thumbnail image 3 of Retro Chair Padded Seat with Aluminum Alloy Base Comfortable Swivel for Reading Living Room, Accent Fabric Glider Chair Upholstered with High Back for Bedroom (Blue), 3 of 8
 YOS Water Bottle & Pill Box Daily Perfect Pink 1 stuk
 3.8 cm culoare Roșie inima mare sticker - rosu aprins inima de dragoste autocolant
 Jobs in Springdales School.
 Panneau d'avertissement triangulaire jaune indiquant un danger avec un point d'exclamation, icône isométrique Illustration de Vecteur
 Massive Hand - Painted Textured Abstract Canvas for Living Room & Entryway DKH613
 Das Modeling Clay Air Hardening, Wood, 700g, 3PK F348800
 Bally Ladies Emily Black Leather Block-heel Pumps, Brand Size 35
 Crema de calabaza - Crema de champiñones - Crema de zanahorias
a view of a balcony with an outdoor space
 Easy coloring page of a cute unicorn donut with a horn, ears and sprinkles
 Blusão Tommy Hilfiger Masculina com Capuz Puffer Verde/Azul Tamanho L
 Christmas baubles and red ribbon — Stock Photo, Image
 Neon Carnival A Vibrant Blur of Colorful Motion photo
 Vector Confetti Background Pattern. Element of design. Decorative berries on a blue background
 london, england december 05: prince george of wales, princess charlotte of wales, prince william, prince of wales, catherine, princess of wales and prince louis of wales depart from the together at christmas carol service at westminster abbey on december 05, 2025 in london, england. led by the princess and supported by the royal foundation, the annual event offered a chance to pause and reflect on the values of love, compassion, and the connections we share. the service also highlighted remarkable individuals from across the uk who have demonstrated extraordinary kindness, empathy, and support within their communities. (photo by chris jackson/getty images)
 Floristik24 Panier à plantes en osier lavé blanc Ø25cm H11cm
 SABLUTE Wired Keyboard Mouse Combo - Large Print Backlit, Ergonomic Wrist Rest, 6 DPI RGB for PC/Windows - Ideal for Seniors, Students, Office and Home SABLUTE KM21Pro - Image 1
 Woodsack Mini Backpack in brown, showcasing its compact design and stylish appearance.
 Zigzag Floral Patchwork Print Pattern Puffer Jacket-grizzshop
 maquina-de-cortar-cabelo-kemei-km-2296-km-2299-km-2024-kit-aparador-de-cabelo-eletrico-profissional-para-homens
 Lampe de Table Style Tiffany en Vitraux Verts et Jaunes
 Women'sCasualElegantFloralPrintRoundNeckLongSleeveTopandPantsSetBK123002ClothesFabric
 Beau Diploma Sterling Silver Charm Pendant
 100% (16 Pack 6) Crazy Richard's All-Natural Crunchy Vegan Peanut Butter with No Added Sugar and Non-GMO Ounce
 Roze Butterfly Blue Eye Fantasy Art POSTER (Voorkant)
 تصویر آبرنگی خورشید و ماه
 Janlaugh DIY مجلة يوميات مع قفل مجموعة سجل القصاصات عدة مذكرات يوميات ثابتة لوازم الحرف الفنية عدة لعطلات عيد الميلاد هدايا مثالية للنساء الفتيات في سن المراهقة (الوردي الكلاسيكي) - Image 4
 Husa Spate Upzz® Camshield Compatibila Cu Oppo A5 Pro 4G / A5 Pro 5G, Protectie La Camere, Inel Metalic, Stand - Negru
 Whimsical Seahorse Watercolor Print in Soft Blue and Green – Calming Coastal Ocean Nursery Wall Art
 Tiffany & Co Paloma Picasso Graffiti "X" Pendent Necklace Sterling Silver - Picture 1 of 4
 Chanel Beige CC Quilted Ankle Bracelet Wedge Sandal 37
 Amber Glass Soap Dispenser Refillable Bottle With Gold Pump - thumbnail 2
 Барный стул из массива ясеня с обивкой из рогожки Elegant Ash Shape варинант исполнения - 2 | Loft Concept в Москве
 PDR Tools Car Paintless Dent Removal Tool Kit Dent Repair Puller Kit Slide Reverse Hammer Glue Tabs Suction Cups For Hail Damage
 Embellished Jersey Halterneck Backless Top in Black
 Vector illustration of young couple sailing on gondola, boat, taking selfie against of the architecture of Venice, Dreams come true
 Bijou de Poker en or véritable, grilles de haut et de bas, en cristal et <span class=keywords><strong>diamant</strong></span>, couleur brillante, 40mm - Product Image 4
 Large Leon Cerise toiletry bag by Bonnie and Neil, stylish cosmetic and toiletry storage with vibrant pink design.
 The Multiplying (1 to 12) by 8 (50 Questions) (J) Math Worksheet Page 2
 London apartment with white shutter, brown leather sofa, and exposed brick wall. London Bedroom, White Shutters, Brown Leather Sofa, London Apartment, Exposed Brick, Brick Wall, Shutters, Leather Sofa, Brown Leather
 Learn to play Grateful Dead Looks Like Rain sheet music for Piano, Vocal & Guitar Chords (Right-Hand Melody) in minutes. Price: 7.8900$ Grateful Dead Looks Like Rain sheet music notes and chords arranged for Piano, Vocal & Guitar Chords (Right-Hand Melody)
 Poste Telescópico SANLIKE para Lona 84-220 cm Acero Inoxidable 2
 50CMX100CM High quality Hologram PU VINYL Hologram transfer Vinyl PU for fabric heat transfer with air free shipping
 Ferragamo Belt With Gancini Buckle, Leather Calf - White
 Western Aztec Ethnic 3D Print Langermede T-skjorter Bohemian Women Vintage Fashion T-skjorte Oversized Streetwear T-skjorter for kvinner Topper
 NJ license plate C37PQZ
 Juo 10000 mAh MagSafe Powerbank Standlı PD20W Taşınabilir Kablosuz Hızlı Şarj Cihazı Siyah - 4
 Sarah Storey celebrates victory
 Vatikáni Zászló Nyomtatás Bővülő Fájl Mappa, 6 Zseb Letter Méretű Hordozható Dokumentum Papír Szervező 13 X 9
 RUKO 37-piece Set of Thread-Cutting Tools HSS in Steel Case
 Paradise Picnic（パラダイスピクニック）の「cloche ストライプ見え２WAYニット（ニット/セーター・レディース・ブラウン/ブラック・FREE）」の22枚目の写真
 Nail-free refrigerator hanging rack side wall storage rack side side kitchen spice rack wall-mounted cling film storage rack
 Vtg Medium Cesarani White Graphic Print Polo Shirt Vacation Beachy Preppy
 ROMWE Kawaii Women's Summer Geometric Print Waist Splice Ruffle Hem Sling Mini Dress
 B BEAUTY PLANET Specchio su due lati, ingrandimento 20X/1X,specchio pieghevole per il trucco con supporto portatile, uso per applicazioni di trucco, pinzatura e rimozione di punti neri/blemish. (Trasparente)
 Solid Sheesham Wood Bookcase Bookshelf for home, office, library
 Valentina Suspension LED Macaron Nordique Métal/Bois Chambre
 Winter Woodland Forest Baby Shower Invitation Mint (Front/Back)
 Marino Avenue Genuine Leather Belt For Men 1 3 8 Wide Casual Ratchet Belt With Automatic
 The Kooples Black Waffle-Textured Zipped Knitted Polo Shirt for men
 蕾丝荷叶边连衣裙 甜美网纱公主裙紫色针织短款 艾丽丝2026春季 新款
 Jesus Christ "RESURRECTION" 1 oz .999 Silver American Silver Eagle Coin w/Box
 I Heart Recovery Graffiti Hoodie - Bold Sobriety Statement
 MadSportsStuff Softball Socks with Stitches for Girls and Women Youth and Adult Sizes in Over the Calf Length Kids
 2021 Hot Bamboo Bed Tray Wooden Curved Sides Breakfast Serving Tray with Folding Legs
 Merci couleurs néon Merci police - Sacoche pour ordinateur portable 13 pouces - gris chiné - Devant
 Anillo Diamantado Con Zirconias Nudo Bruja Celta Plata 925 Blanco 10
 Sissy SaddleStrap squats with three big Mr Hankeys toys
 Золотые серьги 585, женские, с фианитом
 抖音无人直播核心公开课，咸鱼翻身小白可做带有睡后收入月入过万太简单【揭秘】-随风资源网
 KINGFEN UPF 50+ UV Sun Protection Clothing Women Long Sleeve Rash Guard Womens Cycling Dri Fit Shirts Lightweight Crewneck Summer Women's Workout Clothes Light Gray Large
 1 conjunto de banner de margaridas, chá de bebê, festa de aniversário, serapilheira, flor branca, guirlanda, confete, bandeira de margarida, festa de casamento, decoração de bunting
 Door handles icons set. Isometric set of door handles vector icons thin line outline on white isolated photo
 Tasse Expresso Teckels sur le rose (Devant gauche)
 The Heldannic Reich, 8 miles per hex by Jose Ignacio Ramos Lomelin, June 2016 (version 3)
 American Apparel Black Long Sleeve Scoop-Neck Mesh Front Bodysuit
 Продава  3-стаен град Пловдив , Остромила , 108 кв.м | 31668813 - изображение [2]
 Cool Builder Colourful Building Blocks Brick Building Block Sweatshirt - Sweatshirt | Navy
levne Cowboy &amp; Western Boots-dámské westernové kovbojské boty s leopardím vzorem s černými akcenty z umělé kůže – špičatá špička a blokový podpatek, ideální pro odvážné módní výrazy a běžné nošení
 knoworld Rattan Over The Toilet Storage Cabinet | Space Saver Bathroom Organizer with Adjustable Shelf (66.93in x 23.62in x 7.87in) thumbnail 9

+===+

» **Task goal**: Output the lines above between the one holding "Massive Hand - Painted" and the one holding "Lampe de Table", inclusive, with nothing before or after them.

» **Task solution**:
 Massive Hand - Painted Textured Abstract Canvas for Living Room & Entryway DKH613
 Das Modeling Clay Air Hardening, Wood, 700g, 3PK F348800
 Bally Ladies Emily Black Leather Block-heel Pumps, Brand Size 35
 Crema de calabaza - Crema de champiñones - Crema de zanahorias
a view of a balcony with an outdoor space
 Easy coloring page of a cute unicorn donut with a horn, ears and sprinkles
 Blusão Tommy Hilfiger Masculina com Capuz Puffer Verde/Azul Tamanho L
 Christmas baubles and red ribbon — Stock Photo, Image
 Neon Carnival A Vibrant Blur of Colorful Motion photo
 Vector Confetti Background Pattern. Element of design. Decorative berries on a blue background
 london, england december 05: prince george of wales, princess charlotte of wales, prince william, prince of wales, catherine, princess of wales and prince louis of wales depart from the together at christmas carol service at westminster abbey on december 05, 2025 in london, england. led by the princess and supported by the royal foundation, the annual event offered a chance to pause and reflect on the values of love, compassion, and the connections we share. the service also highlighted remarkable individuals from across the uk who have demonstrated extraordinary kindness, empathy, and support within their communities. (photo by chris jackson/getty images)
 Floristik24 Panier à plantes en osier lavé blanc Ø25cm H11cm
 SABLUTE Wired Keyboard Mouse Combo - Large Print Backlit, Ergonomic Wrist Rest, 6 DPI RGB for PC/Windows - Ideal for Seniors, Students, Office and Home SABLUTE KM21Pro - Image 1
 Woodsack Mini Backpack in brown, showcasing its compact design and stylish appearance.
 Zigzag Floral Patchwork Print Pattern Puffer Jacket-grizzshop
 maquina-de-cortar-cabelo-kemei-km-2296-km-2299-km-2024-kit-aparador-de-cabelo-eletrico-profissional-para-homens
 Lampe de Table Style Tiffany en Vitraux Verts et Jaunes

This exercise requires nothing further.